Chinese units get their steam generators
The installation of steam generators is underway at two new nuclear power reactors in China: unit 3 of the Ningde plant and unit 2 of the Fangjiashan plant.
Ningde 3’s steam generator is moved into an upright position before being lowered into place Image: CNECC)
Plant constructor China Nuclear Engineering and Construction Corporation (CNECC) announced that the first of three steam generators for Ningde 3 was successfully installed on 9 April. Installation of the component marks the start of putting all the heavy equipment in place at the unit.
Ningde 3 is one of four CPR-1000s being built as Phase I of the Ningde site in Fujian province. Construction on units 1 and 2 started in 2008 and units 3 and 4 were started in 2010. Unit 1 is due to start commercial operation later this year. All four units should be in operation before the end of 2015 and are expected to ease pressure on energy transport infrastructure in the congested coastal areas of China’s southeast. Phase II will see two further CPR-1000 units built at Ningde.
The plant is 46% owned by China Guangdong Nuclear Power Company and 44% by China Datang Corporation. The remaining 10% is held by Fujian Provincial Energy Group.
Installation of a steam generator at Fangjiashan 2 (Image: CNECC)
Meanwhile, the installation of steam generators is also being carried out by CNECC at another CPR-1000 project at China National Nuclear Corp’s Fangjiashan site in Zhejiang province.
The Fangjiashan project will see two CPR-1000 reactors with a combined capacity of 2160 MWe constructed near the existing Qinshan plant. First concrete for the unit 1 at the Fangjiashan plant was poured in December 2008, while that for unit 2 was poured in July 2009. The scheduled start of commercial operation are December 2013 and October 2014, respectively.
The steam generators measure about 13 metres in length, 2.5 metres in diameter and weighing about 85 tonnes. Each CPR-1000 reactor system has three such steam generators.

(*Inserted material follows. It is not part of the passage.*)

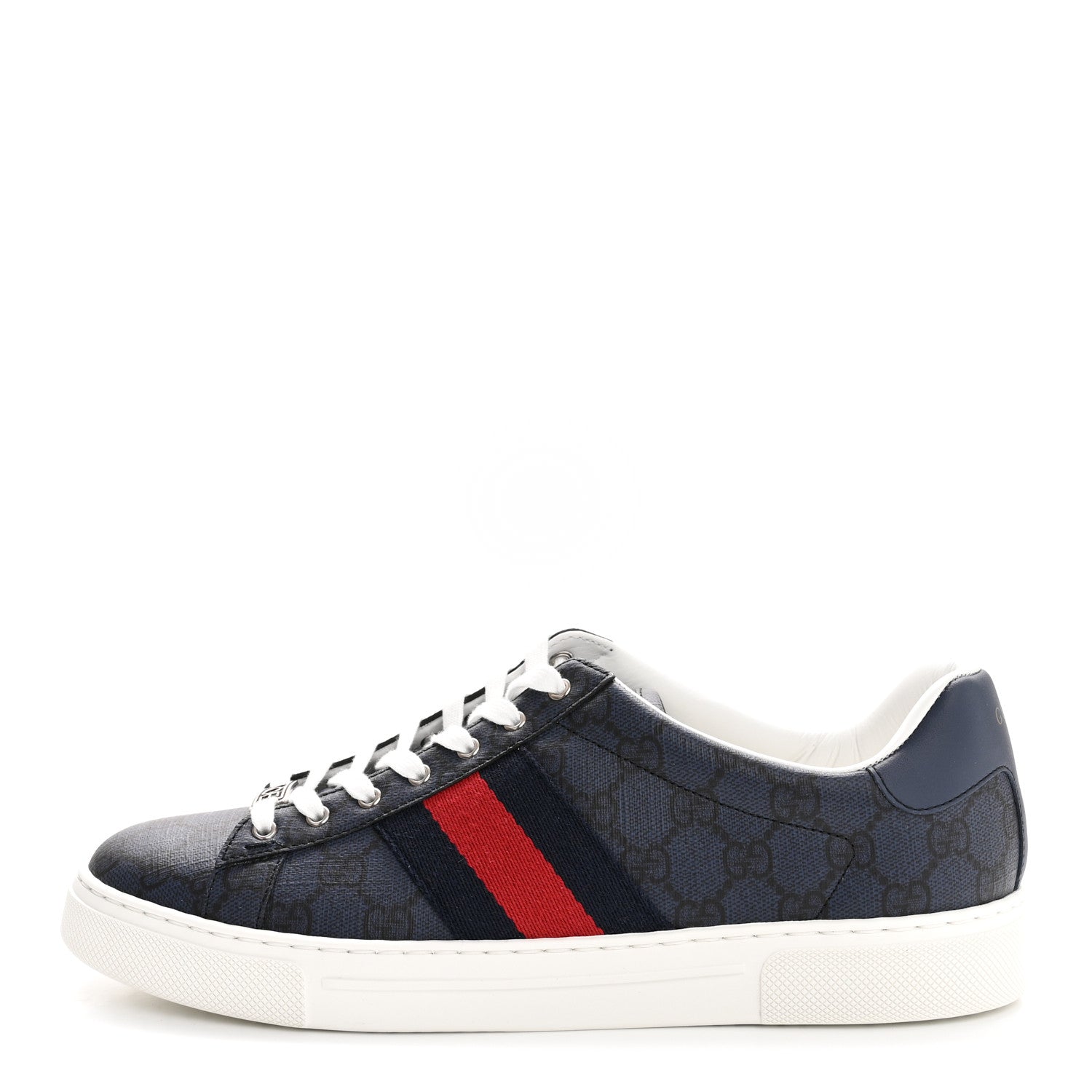 Gucci GG Supreme Monogram Web Mens New Ace Sneakers 8.5 Dark Blue 1816790 –  FASHIONPHILE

The CPR-1000 is a standardized Chinese design developed from the two Areva PWRs imported for the Daya Bay plant in Guangdong province, starting up in 1994. Those units were built to the French three-loop standard, outputting 944 MWe. The CPR-1000 builds on that to produce 1080 MWe. The CPR-1000 is a mainstay of China’s planned near-term nuclear capacity expansion, with 18 CPR-1000s already under construction.